(Beginning of Provided records)
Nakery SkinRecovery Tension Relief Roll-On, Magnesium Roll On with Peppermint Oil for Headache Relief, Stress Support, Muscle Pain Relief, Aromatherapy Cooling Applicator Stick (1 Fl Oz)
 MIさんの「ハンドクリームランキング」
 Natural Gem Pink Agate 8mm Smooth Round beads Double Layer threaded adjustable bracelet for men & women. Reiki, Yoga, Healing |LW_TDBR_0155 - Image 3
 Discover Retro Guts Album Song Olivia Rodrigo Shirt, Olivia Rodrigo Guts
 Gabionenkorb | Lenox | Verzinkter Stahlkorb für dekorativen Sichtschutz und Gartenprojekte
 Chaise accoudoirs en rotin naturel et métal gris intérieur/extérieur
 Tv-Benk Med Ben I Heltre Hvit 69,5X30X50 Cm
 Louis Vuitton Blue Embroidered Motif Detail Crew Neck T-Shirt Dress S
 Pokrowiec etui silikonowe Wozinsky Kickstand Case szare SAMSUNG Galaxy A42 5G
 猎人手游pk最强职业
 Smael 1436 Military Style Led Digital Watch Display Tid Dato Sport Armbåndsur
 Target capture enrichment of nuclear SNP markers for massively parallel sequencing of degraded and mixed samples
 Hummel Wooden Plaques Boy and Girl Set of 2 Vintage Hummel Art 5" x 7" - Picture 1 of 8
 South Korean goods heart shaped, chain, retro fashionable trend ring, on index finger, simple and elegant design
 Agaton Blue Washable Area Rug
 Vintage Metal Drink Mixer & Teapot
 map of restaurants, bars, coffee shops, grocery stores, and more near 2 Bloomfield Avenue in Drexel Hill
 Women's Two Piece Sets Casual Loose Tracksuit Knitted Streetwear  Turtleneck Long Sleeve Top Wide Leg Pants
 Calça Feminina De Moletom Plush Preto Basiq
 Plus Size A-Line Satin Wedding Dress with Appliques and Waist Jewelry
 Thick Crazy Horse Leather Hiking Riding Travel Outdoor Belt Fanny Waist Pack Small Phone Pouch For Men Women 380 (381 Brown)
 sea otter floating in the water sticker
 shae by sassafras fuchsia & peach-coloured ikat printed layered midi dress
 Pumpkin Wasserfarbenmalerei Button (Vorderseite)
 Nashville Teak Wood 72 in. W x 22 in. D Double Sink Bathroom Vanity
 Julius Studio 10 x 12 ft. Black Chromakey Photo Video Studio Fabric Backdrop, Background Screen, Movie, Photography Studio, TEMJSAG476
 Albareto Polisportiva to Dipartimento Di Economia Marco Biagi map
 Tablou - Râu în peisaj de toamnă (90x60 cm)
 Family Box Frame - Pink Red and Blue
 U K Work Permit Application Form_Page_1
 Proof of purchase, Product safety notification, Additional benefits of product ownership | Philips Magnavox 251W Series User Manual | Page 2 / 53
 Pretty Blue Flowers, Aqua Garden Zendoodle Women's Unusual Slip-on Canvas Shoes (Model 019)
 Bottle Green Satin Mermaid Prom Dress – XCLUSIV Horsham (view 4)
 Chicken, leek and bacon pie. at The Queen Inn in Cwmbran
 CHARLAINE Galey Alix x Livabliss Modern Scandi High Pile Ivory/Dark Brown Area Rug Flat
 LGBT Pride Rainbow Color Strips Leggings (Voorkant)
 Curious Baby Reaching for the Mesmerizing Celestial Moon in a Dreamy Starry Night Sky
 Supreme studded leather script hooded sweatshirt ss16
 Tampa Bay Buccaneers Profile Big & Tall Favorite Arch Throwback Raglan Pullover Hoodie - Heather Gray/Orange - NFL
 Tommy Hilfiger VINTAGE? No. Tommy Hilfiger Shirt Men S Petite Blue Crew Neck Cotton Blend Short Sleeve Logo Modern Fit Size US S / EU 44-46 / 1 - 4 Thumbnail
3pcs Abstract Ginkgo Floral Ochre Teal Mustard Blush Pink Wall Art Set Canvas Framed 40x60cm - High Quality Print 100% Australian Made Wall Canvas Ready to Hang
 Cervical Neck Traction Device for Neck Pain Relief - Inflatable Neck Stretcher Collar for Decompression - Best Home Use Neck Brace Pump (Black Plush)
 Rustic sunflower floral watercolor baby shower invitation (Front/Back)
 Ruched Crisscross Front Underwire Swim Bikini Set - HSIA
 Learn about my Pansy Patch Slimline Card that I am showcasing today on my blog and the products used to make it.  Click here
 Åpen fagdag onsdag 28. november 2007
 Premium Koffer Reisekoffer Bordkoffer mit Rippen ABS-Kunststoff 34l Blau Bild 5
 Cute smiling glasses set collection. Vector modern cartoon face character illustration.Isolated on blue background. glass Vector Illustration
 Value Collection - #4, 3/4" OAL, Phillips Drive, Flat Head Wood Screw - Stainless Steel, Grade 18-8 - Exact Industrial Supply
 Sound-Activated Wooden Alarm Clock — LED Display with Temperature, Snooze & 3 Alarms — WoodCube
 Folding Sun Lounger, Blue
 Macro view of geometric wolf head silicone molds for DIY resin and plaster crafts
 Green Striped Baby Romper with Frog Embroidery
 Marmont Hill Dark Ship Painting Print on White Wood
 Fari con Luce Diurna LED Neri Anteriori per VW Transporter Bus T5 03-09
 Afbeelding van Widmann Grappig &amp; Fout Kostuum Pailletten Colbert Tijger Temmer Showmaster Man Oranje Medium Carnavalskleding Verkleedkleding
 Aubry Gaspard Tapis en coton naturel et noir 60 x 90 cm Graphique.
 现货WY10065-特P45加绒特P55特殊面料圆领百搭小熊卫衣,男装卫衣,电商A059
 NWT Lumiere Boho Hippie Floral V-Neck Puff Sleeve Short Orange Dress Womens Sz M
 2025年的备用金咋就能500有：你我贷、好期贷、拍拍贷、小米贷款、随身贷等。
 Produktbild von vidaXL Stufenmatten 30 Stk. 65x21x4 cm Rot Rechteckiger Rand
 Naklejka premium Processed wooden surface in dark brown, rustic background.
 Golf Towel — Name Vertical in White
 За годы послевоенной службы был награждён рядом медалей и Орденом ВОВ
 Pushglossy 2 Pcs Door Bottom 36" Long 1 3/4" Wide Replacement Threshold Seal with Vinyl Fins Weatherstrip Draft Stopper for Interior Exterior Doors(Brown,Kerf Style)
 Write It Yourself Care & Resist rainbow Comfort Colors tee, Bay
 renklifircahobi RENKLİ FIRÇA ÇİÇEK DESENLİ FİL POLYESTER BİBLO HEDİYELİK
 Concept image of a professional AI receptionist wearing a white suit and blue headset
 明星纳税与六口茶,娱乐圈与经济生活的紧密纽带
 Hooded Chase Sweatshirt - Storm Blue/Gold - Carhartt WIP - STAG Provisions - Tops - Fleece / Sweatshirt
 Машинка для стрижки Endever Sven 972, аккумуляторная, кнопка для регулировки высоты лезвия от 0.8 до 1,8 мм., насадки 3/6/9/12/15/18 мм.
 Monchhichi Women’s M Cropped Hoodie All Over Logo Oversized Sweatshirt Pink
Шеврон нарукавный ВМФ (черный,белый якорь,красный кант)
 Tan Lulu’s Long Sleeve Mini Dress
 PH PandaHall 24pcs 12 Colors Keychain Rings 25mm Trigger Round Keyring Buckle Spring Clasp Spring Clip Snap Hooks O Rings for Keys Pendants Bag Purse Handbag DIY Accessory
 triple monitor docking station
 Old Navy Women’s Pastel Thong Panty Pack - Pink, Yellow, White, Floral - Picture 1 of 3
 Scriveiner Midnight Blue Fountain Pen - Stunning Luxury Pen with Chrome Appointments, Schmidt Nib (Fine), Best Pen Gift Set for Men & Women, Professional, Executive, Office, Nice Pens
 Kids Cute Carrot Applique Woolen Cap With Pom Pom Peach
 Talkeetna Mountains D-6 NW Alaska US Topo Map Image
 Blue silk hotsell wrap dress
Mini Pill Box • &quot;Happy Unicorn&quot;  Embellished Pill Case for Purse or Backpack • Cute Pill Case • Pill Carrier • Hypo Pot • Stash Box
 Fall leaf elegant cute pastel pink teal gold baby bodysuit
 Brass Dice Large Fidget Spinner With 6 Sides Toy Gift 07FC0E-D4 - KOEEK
(End of Provided records)
**What you will do**
Scan the entries for the word "elegant". Report each line that has it.

**Answer section**
 South Korean goods heart shaped, chain, retro fashionable trend ring, on index finger, simple and elegant design
 Fall leaf elegant cute pastel pink teal gold baby bodysuit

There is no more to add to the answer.